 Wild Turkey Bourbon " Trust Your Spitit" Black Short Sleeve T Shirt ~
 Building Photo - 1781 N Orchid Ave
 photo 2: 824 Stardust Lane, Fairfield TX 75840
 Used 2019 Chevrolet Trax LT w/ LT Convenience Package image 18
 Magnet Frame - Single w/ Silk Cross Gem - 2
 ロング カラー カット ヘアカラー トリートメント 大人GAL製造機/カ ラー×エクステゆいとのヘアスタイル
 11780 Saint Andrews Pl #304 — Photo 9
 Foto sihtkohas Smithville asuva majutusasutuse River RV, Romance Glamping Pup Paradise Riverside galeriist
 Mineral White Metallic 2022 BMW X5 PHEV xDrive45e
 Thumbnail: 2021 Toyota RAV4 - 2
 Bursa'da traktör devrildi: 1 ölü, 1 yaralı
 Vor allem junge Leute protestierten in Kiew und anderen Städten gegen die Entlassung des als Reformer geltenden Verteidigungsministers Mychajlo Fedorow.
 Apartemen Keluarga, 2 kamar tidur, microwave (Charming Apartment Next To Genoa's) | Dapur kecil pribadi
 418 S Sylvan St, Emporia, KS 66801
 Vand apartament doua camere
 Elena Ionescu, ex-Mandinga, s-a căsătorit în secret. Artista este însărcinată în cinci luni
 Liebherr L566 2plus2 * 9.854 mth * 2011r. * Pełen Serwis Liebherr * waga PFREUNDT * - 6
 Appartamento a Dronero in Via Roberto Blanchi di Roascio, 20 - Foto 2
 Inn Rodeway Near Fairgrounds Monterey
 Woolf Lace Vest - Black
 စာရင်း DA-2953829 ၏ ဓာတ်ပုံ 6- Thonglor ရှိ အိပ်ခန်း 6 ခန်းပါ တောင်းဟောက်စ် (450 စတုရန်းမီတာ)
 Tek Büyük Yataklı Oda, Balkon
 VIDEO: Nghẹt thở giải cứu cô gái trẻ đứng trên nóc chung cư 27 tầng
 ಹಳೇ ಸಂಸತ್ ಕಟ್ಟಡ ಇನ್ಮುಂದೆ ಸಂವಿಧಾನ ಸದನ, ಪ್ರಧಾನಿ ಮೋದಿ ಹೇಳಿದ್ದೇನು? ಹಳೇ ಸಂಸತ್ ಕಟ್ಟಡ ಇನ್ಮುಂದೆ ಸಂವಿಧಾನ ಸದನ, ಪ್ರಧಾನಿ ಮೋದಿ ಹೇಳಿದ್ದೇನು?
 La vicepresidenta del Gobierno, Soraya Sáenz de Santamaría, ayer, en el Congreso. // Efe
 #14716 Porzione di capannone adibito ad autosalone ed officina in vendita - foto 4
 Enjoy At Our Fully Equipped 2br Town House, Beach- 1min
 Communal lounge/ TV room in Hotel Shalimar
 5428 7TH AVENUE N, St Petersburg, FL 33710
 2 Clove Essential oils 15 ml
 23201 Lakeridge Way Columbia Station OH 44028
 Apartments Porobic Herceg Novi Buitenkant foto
* * * * * * * * *
### Problem details
The lines above should be printed again, exactly as they are.

### Your response
 Wild Turkey Bourbon " Trust Your Spitit" Black Short Sleeve T Shirt ~
 Building Photo - 1781 N Orchid Ave
 photo 2: 824 Stardust Lane, Fairfield TX 75840
 Used 2019 Chevrolet Trax LT w/ LT Convenience Package image 18
 Magnet Frame - Single w/ Silk Cross Gem - 2
 ロング カラー カット ヘアカラー トリートメント 大人GAL製造機/カ ラー×エクステゆいとのヘアスタイル
 11780 Saint Andrews Pl #304 — Photo 9
 Foto sihtkohas Smithville asuva majutusasutuse River RV, Romance Glamping Pup Paradise Riverside galeriist
 Mineral White Metallic 2022 BMW X5 PHEV xDrive45e
 Thumbnail: 2021 Toyota RAV4 - 2
 Bursa'da traktör devrildi: 1 ölü, 1 yaralı
 Vor allem junge Leute protestierten in Kiew und anderen Städten gegen die Entlassung des als Reformer geltenden Verteidigungsministers Mychajlo Fedorow.
 Apartemen Keluarga, 2 kamar tidur, microwave (Charming Apartment Next To Genoa's) | Dapur kecil pribadi
 418 S Sylvan St, Emporia, KS 66801
 Vand apartament doua camere
 Elena Ionescu, ex-Mandinga, s-a căsătorit în secret. Artista este însărcinată în cinci luni
 Liebherr L566 2plus2 * 9.854 mth * 2011r. * Pełen Serwis Liebherr * waga PFREUNDT * - 6
 Appartamento a Dronero in Via Roberto Blanchi di Roascio, 20 - Foto 2
 Inn Rodeway Near Fairgrounds Monterey
 Woolf Lace Vest - Black
 စာရင်း DA-2953829 ၏ ဓာတ်ပုံ 6- Thonglor ရှိ အိပ်ခန်း 6 ခန်းပါ တောင်းဟောက်စ် (450 စတုရန်းမီတာ)
 Tek Büyük Yataklı Oda, Balkon
 VIDEO: Nghẹt thở giải cứu cô gái trẻ đứng trên nóc chung cư 27 tầng
 ಹಳೇ ಸಂಸತ್ ಕಟ್ಟಡ ಇನ್ಮುಂದೆ ಸಂವಿಧಾನ ಸದನ, ಪ್ರಧಾನಿ ಮೋದಿ ಹೇಳಿದ್ದೇನು? ಹಳೇ ಸಂಸತ್ ಕಟ್ಟಡ ಇನ್ಮುಂದೆ ಸಂವಿಧಾನ ಸದನ, ಪ್ರಧಾನಿ ಮೋದಿ ಹೇಳಿದ್ದೇನು?
 La vicepresidenta del Gobierno, Soraya Sáenz de Santamaría, ayer, en el Congreso. // Efe
 #14716 Porzione di capannone adibito ad autosalone ed officina in vendita - foto 4
 Enjoy At Our Fully Equipped 2br Town House, Beach- 1min
 Communal lounge/ TV room in Hotel Shalimar
 5428 7TH AVENUE N, St Petersburg, FL 33710
 2 Clove Essential oils 15 ml
 23201 Lakeridge Way Columbia Station OH 44028
 Apartments Porobic Herceg Novi Buitenkant foto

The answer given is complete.